**EXERCISE DATA**
————————
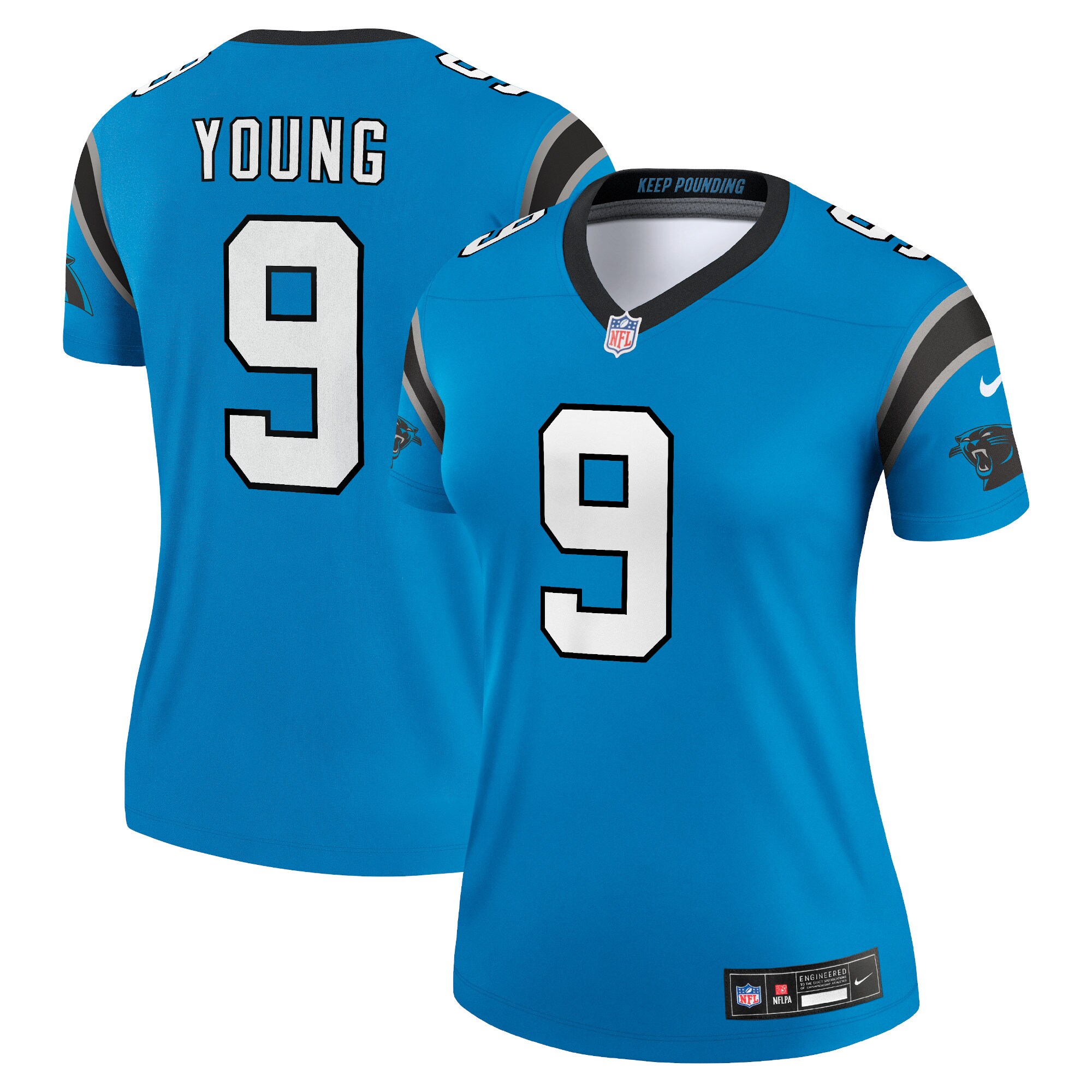 Bryce Young Carolina Panthers  Women's  Legend Jersey - Blue
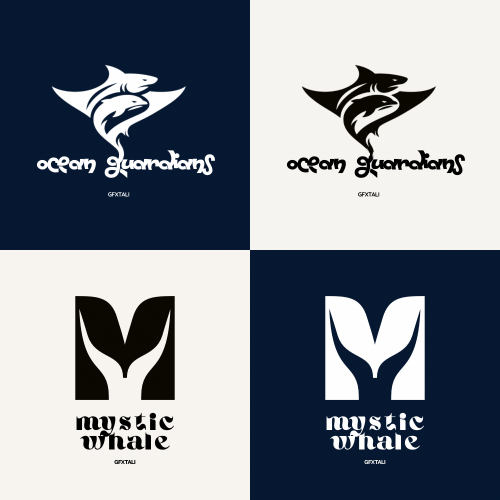 Ocean Guardians & Mystic Whale - Logo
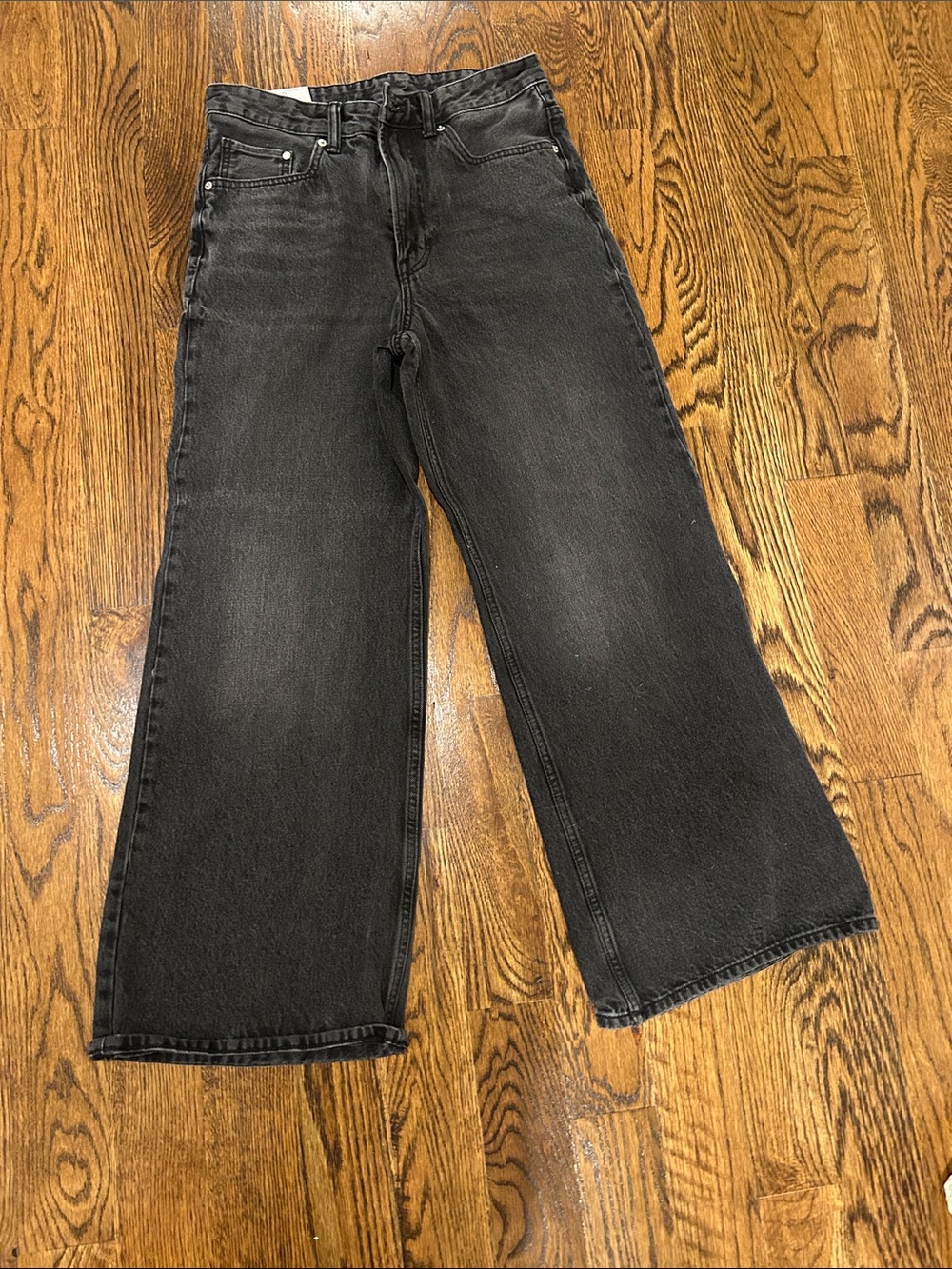 H&M Men's Black Wide-Leg Bootcut Jeans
————————
Without the pictures, reproduce each line from the one containing "Ocean Guardians & Mystic Whale - Logo" through the last line of the material above, both of those lines included.

 Ocean Guardians & Mystic Whale - Logo
 H&M Men's Black Wide-Leg Bootcut Jeans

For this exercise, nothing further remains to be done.